I had an interesting talk with the head of an engineering firm HR department today.
Her department is aptly named Human Resources… and it’s important to break down the term and note the first word: “human.” Because that’s what’s at the crux of the job she does. She acknowledges the employees as individual human beings with needs and desires and interests and goals, and she acts as a resource to help those humans be fulfilled, while balancing the needs of the company overall.
As I discussed the human side of engineering with her, she said that her efforts to get the company’s senior management to train their middle managers in negotiation, communication, and conflict resolution had been rejected outright. They said that focusing on these sorts of issues rather than technical engineering and project management would only “dumb things down” and would waste valuable training time.
I thought I’d outgrown naive optimism, but this was the first time I’d considered that the engineering profession might be openly disparaging of what she termed the “soft side of engineering.”
Isn’t this half of what we’re about, though?
There are so many firms that have strong technical chops, and the technical side of proper project management is just basic housekeeping. It’s very difficult to distinguish ourselves among other firms by just touting that we have the ability to build a very good mousetrap.

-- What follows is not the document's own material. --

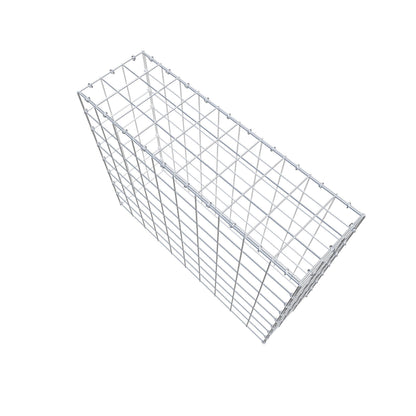 Mounted gabion type 3 100 cm x 80 cm x 30 cm (L x H x D), mesh size 10 cm x 10 cm, C-ring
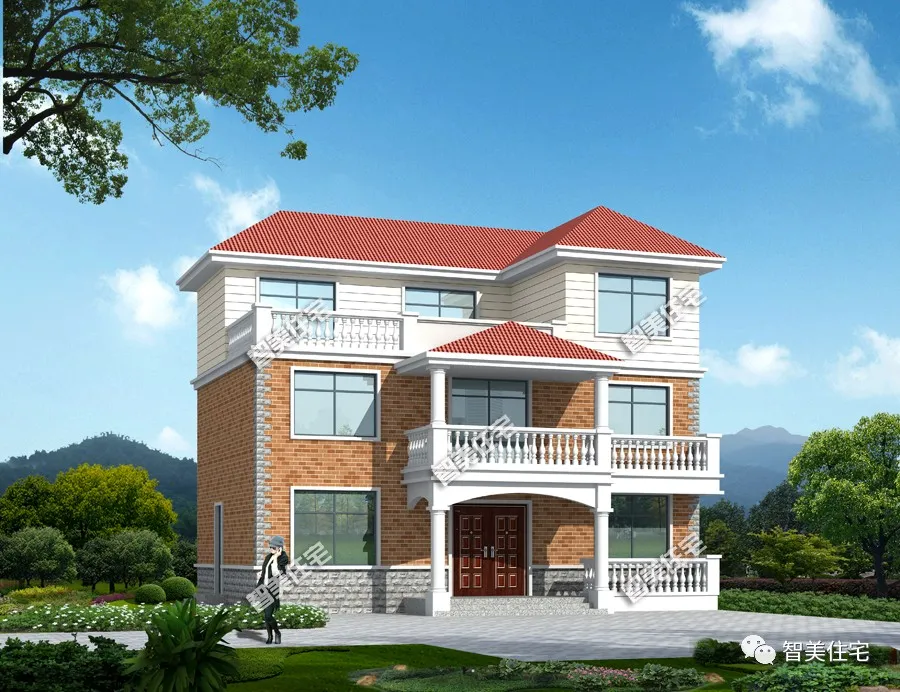 凭自己的本身,在农村自建一栋小别墅,这难道不是成功吗?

The trick is to help people understand why they want to trap mice.
The notion of client buy-in is something that is typically overlooked. We all want to provide our clients with an amazing business experience, but in order for our clients to truly appreciate our solutions, we must show that our solutions are especially valuable to them. Providing our typical client with reams of calculations will be entirely inaccessible to them. A spreadsheet tabulating our worth as engineers is not necessarily going to do it for them, either; nor is proving to them that we’ve done this sort of project a million times before.
The things that make clients rave about my work is how stressless I am to work with. I bring good solutions to the table (they’re probably more creative than what others might come up with, but grace of design is often difficult for a client to appreciate) and I lessen my clients’ worry. If there’s a problem, they know that they can look to me to help them decide what to do, and that when they look to me, I will approach their problem with the kind of honesty, responsiveness, and humor that they have grown to expect of me. My technical background doesn’t interest them so long as I’m able to complete their designs. It’s my negotiation, communication, and conflict resolution that makes their lives easier, their jobs more fun, and keeps them coming back to work with me.
We must learn how to relate to other humans in order to sell our genius mathy-math brains. That’s what distinguishes any of us from the rest. At the end of the day, the person selecting our team is just a person. We ultimately have to think of that person as an individual human being with needs and desires and interests and goals, and we must convince that particular individual that we will act as a resource to help them be fulfilled, while balancing the needs of the project overall.
We have to be technically proficient. But we also have to sell our proficiency. To do that, we have to be willing to embrace the softer side of engineering.